Helen Cann’s How to Make Hand Drawn Maps: A Creative Guide With Tips, Tricks, and Projects (Chronicle, 1 May paperback, 22 May ebook). “With wonderful examples and easy-to-follow instructions, this beautifully illustrated how-to book makes it simple and fun to create one-of-a-kind hand-drawn maps. Helpful templates, grids, and guidelines complement a detailed breakdown of essential cartographic elements and profiles of talented international map artists.” Amazon, iBooks
I trained as a historian of the French Third Republic, so Kory Olson’s The Cartographic Capital: Mapping Third Republic Paris, 1889-1934 (Liverpool University Press, 4 May), which “looks at how government presentations of Paris and environs change over the course of the Third Republic (1889-1934),” would have very much been up my alley twenty years ago. “The government initially seemed to privilege an exclusively positive view of the capital city and limited its presentation of it to land inside the walled fortifications. However, as the Republic progressed and Paris grew, technology altered how Parisians used and understood their urban space.” Amazon
Chris Barrett’s Early Modern English Literature and the Poetics of Cartographic Anxiety (Oxford University Press, 22 May) is about “the many anxieties provoked by early modern maps and mapping in the sixteenth and seventeenth centuries. A product of a military arms race, often deployed for security and surveillance purposes, and fundamentally distortive of their subjects, maps provoked suspicion, unease, and even hostility in early modern Britain. […] This volume explores three major poems of the period—Edmund Spenser’s The Faerie Queene (1590, 1596), Michael Drayton’s Poly-Olbion (1612, 1622), and John Milton’s Paradise Lost (1667, 1674)—in terms of their vexed and vexing relationships with cartographic materials.” Amazon, iBooks
Related: Map Books of 2018.
Last June I told you about Constantine Konovalov’s redesigned Paris Métro map, a map based on concentric circles. Now, in Smashing Magazine, Konovalov does a deep dive into his own design process, which took more than two years. Quite a bit more detail than on his own website. [Alejandro Polanco]

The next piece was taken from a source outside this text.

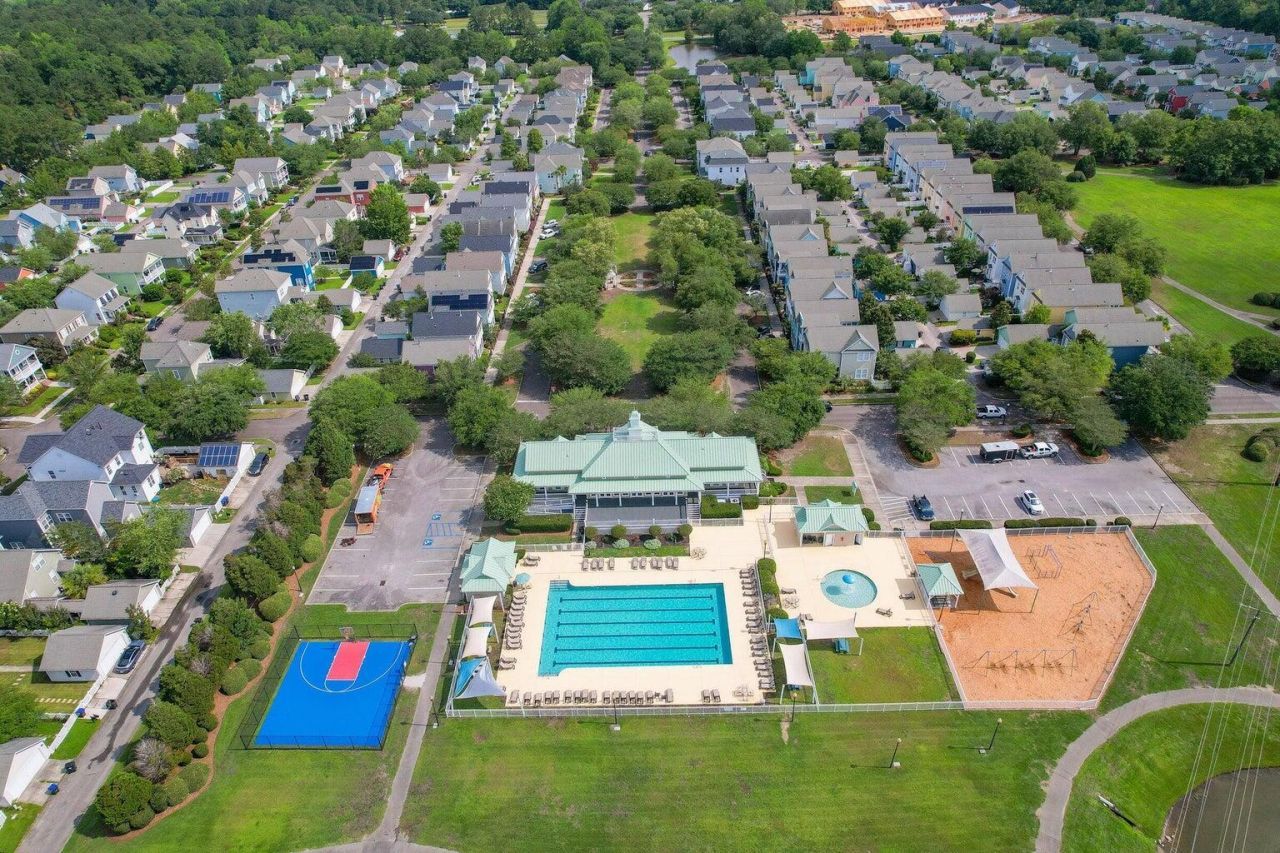 324 Barberry Street Photo 44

Designer Constantine Konovalov and his team spent more than two years creating this reimagined map of the Paris Métro system. Its design is based on circles: lines 2 and 6, which encircle the city core, are presented as a perfect circle, and the tramlines that follow the Péripherique form a circular arc as well. It’s quite well done; don’t miss the video on the site that timelapses through every iteration of the map’s design. Could someone navigate the RATP’s network with this map? I think so (though it’s been 19 years since I’ve been to Paris). See also Transit Maps’ analysis of the map.
Le Grand Paris en Cartes is a collection of interactive maps and infographics about the Grand Paris Express, a multi-billion-euro project to extend Paris’s Metro and rapid transit network deep into the surrounding Île-de-France region (if you can read French, the official site and French Wikipedia page provide a lot more information). These maps not only illustrate Parisians’ commuting routes and Metro usage, but also (see above) the kind of sociological data that underpins transit planning: employment centres, population density and so forth. In French. [via]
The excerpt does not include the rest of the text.